European Data Protection Board considers use of personal data in GenAI

The European Data Protection Board is investigating how AI models can use personal data without violating privacy laws.

The European Data Research Committee published an opinion Wednesday that examines how AI developers can use personal data to develop and implement AI systems, such as LLMs, without violating privacy laws.

Models must also comply with GDPR legislation, according to the report, so strict evaluation is much needed. Failure to comply with that law carries severe penalties. There are three main things to consider: ensuring anonymity, determining legitimate interests and deciding what happens in the event of unlawful data processing.

Anonymity

The publication addresses several issues, such as the consideration of whether AI models can be anonymous, which means privacy laws do not apply. AI models trained with personal data are not automatically anonymous. However, this must be assessed on a case-by-case basis. To ensure complete anonymity, the committee argues that it should be nearly impossible to extract data from the model and to obtain personal data intentionally or unintentionally through model queries.

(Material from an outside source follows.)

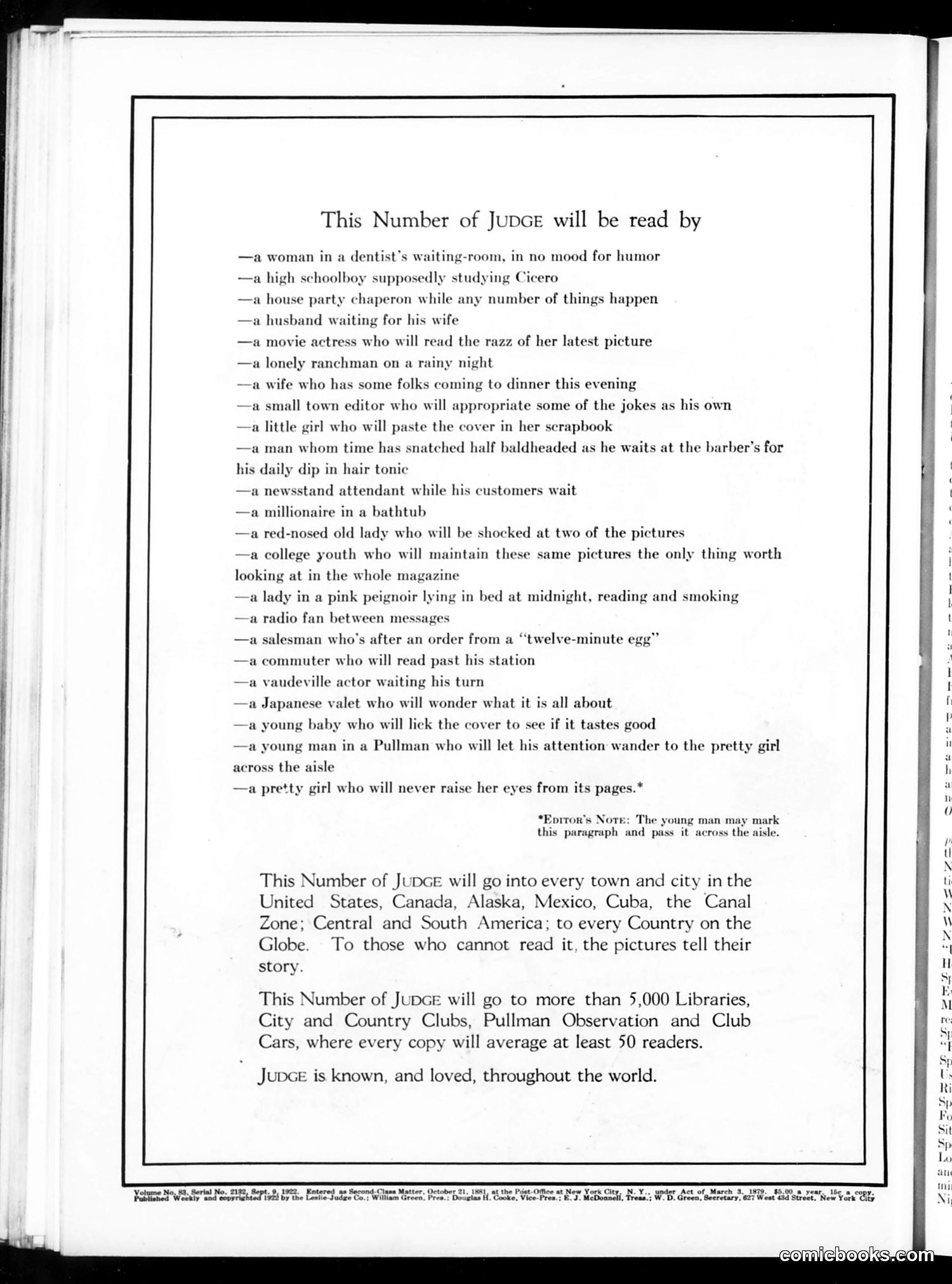 Judge — September 9, 1922 — page 2 of 36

The report shows that sufficient evidence must be provided to regulators so that they can assess whether the model is anonymous. For that assessment, several factors are considered, such as the techniques used to protect data, the context in which the model is used and whether modern technologies have been used to facilitate identification.

That evidence consists of detailed documentation of methods used and risk mitigation measures provided by controllers. A controller is an organization or person who decides why and how personal data are processed.

European Data Protection Board considers use of personal data in GenAI

Legitimate interests

The committee is also exploring whether “legitimate interests” can be used as a legal basis. In other words, can provide a legal basis for AI development without the consent of individuals. Determining whether a legitimate interest can be used as a legal basis involves three steps:

1. Identifying a legitimate interest

The interest must meet some criteria to be legitimate. It must not violate laws or regulations, and must be clearly and specifically worded. In addition, it must not be speculative. For example, using an AI chatbot to improve customer service is legal; using AI to process personal data without consent is not.

2. Effectively necessary?

The processing of an interest must therefore contribute to the intended purpose and there must be no less intrusive ways of achieving that same purpose. Only the data that is really necessary for the training should be processed. For example, if an AI chatbot can be trained with anonymous data, the use of public data is unnecessary.

3. Impact of sharing data on the individual

The interests of the controller should not outweigh the rights of the data subjects. That balancing is done with three pillars in mind: what the nature of the data is, what reasonable expectations the data subjects have, and what the impact is. Thus, sensitive data is weighed more strictly. Data subjects must be aware of how and why their data is being processed, and must know the expected impact, because that can affect the reasonable expectation.

If the balance was to turn negative anyway, controllers can use mitigating measures. They can encrypt data or better inform data subjects about the processing.

European Data Protection Board considers use of personal data in GenAI

Unlawful processing

When is the processing of personal data considered unlawful? The opinion outlines three scenarios of unlawful processing. In each of these, an AI model is developed with unlawfully processed personal data. If the personal data remains in the model and is used by the same controller, the entire processing may be unlawful. It depends on the specific context, and each case must be investigated by regulators.

If the personal data remains in the template, but the template is used by another controller or organization, the responsibility lies with the second controller to verify that the template complies with the GDPR. If the personal data is anonymized after unlawful processing, the GDPR laws no longer apply, provided the anonymization meets strict conditions.

For now, there is no one-size-fits-all solution to these legal issues; the committee offers only suggestions. It will be some time before Europe introduces correct laws for this ever faster growing technology. Europe is taking steps in the right direction, though. Earlier this year an AI office was established to enforce AI laws, the AI act itself is also already bearing fruit.